The measure aims to generate additional revenue for the government to fund the Universal Health Care program and to reduce consumption of tobacco products. 

“We have approved on third reading the taxation of ENDS. For me, if we tax it, we should regulate it,” Garin explained.

Garin filed her own bill for regulation of e-cigarettes and supported a proposal to ban sale and use to minors.

She also sought the imposition of minimum labeling requirements in packaging of ENDS to comply with the Consumers Act.

“While there is a need to introduce safer alternatives to smoking tobacco, it must also be regulated to protect all the stakeholders involved,” Garin said.

Noel filed a similar bill and cited the need to come up with safety standards on ENDS to protect consumers.

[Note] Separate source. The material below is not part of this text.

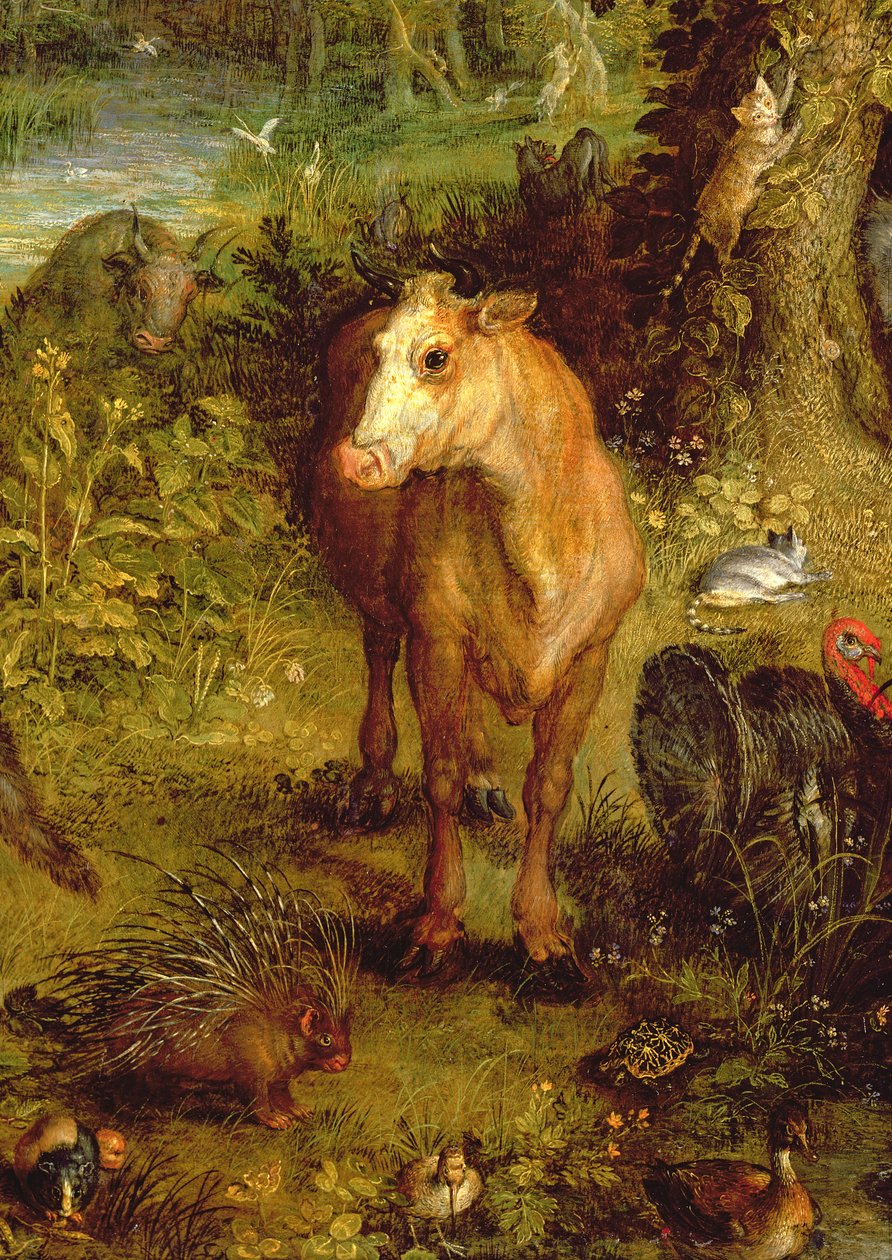 Ziemia lub ziemski raj, fragment krowy, jeżozwierza i innych zwierząt, 1607-08 olej na detalu miedzi z 93899 autorstwa Jan the Elder Brueghel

Defensor, for his part, agreed that sale and use of ENDS should be banned for minors or those below 18 years old.

He also proposed that nicotine levels of e-cigarettes and vapes should be controlled and kept to a minimum.

“In order to protect our local tobacco industry, we can impose that nicotine from tobacco should be locally sourced,” he said.

Bagatsing cited the need for Congress to act on the issue as ENDS products have remained unregulated in the country.

“Regulating e-cigarettes must be seriously considered. But as to how to go about it, it will still be subject to debates,” Bagatsing said.

Other lawmakers who attended the London summit were Deputy Speaker and Basilan Rep. Mujib Hataman, Reps. Ace Barbers of Surigao del Norte, Bernadette Herrera of Bagong Henerasyon party-list and Cheryl Deloso-Montalla of Zambales. 

Several bills have been filed in the lower chamber seeking regulation of ENDS products, including House Bill 40 of Muntinlupa Rep. Ruffy Biazon.   

Biazon rejected the outright ban on e-cigarettes, saying there is no conclusive study yet showing grave effects of ENDS products to users.